TASK TO COMPLETE:
Would you set down all of the entries below exactly as they stand?
:::
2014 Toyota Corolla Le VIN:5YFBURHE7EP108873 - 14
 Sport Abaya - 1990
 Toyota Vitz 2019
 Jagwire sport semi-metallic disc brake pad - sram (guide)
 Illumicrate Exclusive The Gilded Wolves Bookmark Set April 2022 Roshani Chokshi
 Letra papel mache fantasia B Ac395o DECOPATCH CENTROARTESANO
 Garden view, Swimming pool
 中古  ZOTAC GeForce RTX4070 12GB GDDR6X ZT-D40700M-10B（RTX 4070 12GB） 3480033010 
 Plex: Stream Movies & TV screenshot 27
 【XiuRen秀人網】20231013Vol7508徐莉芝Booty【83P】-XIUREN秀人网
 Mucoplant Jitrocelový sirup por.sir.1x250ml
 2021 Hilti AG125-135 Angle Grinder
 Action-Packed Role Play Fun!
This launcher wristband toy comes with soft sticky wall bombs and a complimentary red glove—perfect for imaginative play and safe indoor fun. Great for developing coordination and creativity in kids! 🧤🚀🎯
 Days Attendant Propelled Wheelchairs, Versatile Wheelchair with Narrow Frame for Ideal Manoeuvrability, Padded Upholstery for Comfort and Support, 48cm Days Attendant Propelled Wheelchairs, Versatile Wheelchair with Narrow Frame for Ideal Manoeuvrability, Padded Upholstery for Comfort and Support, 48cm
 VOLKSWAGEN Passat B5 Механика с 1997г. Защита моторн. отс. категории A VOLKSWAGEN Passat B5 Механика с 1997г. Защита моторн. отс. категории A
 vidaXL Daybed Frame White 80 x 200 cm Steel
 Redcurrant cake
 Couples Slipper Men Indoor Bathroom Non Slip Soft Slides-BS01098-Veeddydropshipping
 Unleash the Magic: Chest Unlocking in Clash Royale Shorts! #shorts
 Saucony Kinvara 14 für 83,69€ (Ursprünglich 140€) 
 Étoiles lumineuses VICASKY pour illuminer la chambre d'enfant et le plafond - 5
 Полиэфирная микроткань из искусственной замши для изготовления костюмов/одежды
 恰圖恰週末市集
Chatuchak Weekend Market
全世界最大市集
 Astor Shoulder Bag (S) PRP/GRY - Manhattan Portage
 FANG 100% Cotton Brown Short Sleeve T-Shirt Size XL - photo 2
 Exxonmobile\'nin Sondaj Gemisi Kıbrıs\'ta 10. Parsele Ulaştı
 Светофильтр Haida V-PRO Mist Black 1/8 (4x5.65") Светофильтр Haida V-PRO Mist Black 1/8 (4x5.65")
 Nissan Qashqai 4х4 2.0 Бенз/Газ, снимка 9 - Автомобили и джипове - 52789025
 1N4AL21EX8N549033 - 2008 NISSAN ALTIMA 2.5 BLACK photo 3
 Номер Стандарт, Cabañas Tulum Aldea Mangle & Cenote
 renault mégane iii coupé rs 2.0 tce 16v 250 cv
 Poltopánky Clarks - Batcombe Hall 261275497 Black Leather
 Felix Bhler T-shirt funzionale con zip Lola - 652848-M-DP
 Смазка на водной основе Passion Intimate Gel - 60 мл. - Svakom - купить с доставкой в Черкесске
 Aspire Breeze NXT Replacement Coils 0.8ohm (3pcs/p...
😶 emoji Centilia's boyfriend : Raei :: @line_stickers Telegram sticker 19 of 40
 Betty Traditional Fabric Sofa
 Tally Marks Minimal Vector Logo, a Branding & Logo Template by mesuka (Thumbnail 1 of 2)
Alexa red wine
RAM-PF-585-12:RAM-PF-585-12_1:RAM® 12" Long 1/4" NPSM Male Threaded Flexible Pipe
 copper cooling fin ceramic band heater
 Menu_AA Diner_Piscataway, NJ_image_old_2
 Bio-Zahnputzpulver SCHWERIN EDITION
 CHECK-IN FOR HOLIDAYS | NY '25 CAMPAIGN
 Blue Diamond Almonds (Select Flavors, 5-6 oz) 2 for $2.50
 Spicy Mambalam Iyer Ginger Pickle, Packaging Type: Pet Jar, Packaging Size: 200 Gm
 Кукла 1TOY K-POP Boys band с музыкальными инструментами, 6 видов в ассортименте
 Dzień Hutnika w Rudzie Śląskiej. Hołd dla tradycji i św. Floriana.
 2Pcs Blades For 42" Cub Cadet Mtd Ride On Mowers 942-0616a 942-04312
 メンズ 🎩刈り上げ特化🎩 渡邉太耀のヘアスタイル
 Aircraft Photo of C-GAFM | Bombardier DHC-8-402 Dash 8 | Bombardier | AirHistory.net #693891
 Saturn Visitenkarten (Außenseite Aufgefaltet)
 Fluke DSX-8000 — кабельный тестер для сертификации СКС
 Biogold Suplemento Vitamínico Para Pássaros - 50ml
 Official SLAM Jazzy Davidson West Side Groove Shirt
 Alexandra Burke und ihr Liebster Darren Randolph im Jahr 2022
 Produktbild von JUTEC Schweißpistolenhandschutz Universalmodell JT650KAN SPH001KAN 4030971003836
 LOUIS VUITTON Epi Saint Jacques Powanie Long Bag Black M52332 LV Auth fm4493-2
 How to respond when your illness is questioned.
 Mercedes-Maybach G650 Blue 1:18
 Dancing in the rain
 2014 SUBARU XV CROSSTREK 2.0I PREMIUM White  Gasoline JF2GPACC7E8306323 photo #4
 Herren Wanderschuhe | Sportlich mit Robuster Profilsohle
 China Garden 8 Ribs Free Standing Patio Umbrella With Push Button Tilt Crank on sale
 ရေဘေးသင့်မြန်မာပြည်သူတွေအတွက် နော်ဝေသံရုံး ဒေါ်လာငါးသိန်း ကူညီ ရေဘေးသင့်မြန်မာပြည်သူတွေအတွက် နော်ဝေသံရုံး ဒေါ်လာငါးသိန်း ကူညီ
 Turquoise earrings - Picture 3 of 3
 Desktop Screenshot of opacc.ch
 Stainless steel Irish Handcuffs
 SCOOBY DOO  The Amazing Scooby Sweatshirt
:::
FINISHED EXERCISE:
2014 Toyota Corolla Le VIN:5YFBURHE7EP108873 - 14
 Sport Abaya - 1990
 Toyota Vitz 2019
 Jagwire sport semi-metallic disc brake pad - sram (guide)
 Illumicrate Exclusive The Gilded Wolves Bookmark Set April 2022 Roshani Chokshi
 Letra papel mache fantasia B Ac395o DECOPATCH CENTROARTESANO
 Garden view, Swimming pool
 中古  ZOTAC GeForce RTX4070 12GB GDDR6X ZT-D40700M-10B（RTX 4070 12GB） 3480033010 
 Plex: Stream Movies & TV screenshot 27
 【XiuRen秀人網】20231013Vol7508徐莉芝Booty【83P】-XIUREN秀人网
 Mucoplant Jitrocelový sirup por.sir.1x250ml
 2021 Hilti AG125-135 Angle Grinder
 Action-Packed Role Play Fun!
This launcher wristband toy comes with soft sticky wall bombs and a complimentary red glove—perfect for imaginative play and safe indoor fun. Great for developing coordination and creativity in kids! 🧤🚀🎯
 Days Attendant Propelled Wheelchairs, Versatile Wheelchair with Narrow Frame for Ideal Manoeuvrability, Padded Upholstery for Comfort and Support, 48cm Days Attendant Propelled Wheelchairs, Versatile Wheelchair with Narrow Frame for Ideal Manoeuvrability, Padded Upholstery for Comfort and Support, 48cm
 VOLKSWAGEN Passat B5 Механика с 1997г. Защита моторн. отс. категории A VOLKSWAGEN Passat B5 Механика с 1997г. Защита моторн. отс. категории A
 vidaXL Daybed Frame White 80 x 200 cm Steel
 Redcurrant cake
 Couples Slipper Men Indoor Bathroom Non Slip Soft Slides-BS01098-Veeddydropshipping
 Unleash the Magic: Chest Unlocking in Clash Royale Shorts! #shorts
 Saucony Kinvara 14 für 83,69€ (Ursprünglich 140€) 
 Étoiles lumineuses VICASKY pour illuminer la chambre d'enfant et le plafond - 5
 Полиэфирная микроткань из искусственной замши для изготовления костюмов/одежды
 恰圖恰週末市集
Chatuchak Weekend Market
全世界最大市集
 Astor Shoulder Bag (S) PRP/GRY - Manhattan Portage
 FANG 100% Cotton Brown Short Sleeve T-Shirt Size XL - photo 2
 Exxonmobile\'nin Sondaj Gemisi Kıbrıs\'ta 10. Parsele Ulaştı
 Светофильтр Haida V-PRO Mist Black 1/8 (4x5.65") Светофильтр Haida V-PRO Mist Black 1/8 (4x5.65")
 Nissan Qashqai 4х4 2.0 Бенз/Газ, снимка 9 - Автомобили и джипове - 52789025
 1N4AL21EX8N549033 - 2008 NISSAN ALTIMA 2.5 BLACK photo 3
 Номер Стандарт, Cabañas Tulum Aldea Mangle & Cenote
 renault mégane iii coupé rs 2.0 tce 16v 250 cv
 Poltopánky Clarks - Batcombe Hall 261275497 Black Leather
 Felix Bhler T-shirt funzionale con zip Lola - 652848-M-DP
 Смазка на водной основе Passion Intimate Gel - 60 мл. - Svakom - купить с доставкой в Черкесске
 Aspire Breeze NXT Replacement Coils 0.8ohm (3pcs/p...
😶 emoji Centilia's boyfriend : Raei :: @line_stickers Telegram sticker 19 of 40
 Betty Traditional Fabric Sofa
 Tally Marks Minimal Vector Logo, a Branding & Logo Template by mesuka (Thumbnail 1 of 2)
Alexa red wine
RAM-PF-585-12:RAM-PF-585-12_1:RAM® 12" Long 1/4" NPSM Male Threaded Flexible Pipe
 copper cooling fin ceramic band heater
 Menu_AA Diner_Piscataway, NJ_image_old_2
 Bio-Zahnputzpulver SCHWERIN EDITION
 CHECK-IN FOR HOLIDAYS | NY '25 CAMPAIGN
 Blue Diamond Almonds (Select Flavors, 5-6 oz) 2 for $2.50
 Spicy Mambalam Iyer Ginger Pickle, Packaging Type: Pet Jar, Packaging Size: 200 Gm
 Кукла 1TOY K-POP Boys band с музыкальными инструментами, 6 видов в ассортименте
 Dzień Hutnika w Rudzie Śląskiej. Hołd dla tradycji i św. Floriana.
 2Pcs Blades For 42" Cub Cadet Mtd Ride On Mowers 942-0616a 942-04312
 メンズ 🎩刈り上げ特化🎩 渡邉太耀のヘアスタイル
 Aircraft Photo of C-GAFM | Bombardier DHC-8-402 Dash 8 | Bombardier | AirHistory.net #693891
 Saturn Visitenkarten (Außenseite Aufgefaltet)
 Fluke DSX-8000 — кабельный тестер для сертификации СКС
 Biogold Suplemento Vitamínico Para Pássaros - 50ml
 Official SLAM Jazzy Davidson West Side Groove Shirt
 Alexandra Burke und ihr Liebster Darren Randolph im Jahr 2022
 Produktbild von JUTEC Schweißpistolenhandschutz Universalmodell JT650KAN SPH001KAN 4030971003836
 LOUIS VUITTON Epi Saint Jacques Powanie Long Bag Black M52332 LV Auth fm4493-2
 How to respond when your illness is questioned.
 Mercedes-Maybach G650 Blue 1:18
 Dancing in the rain
 2014 SUBARU XV CROSSTREK 2.0I PREMIUM White  Gasoline JF2GPACC7E8306323 photo #4
 Herren Wanderschuhe | Sportlich mit Robuster Profilsohle
 China Garden 8 Ribs Free Standing Patio Umbrella With Push Button Tilt Crank on sale
 ရေဘေးသင့်မြန်မာပြည်သူတွေအတွက် နော်ဝေသံရုံး ဒေါ်လာငါးသိန်း ကူညီ ရေဘေးသင့်မြန်မာပြည်သူတွေအတွက် နော်ဝေသံရုံး ဒေါ်လာငါးသိန်း ကူညီ
 Turquoise earrings - Picture 3 of 3
 Desktop Screenshot of opacc.ch
 Stainless steel Irish Handcuffs
 SCOOBY DOO  The Amazing Scooby Sweatshirt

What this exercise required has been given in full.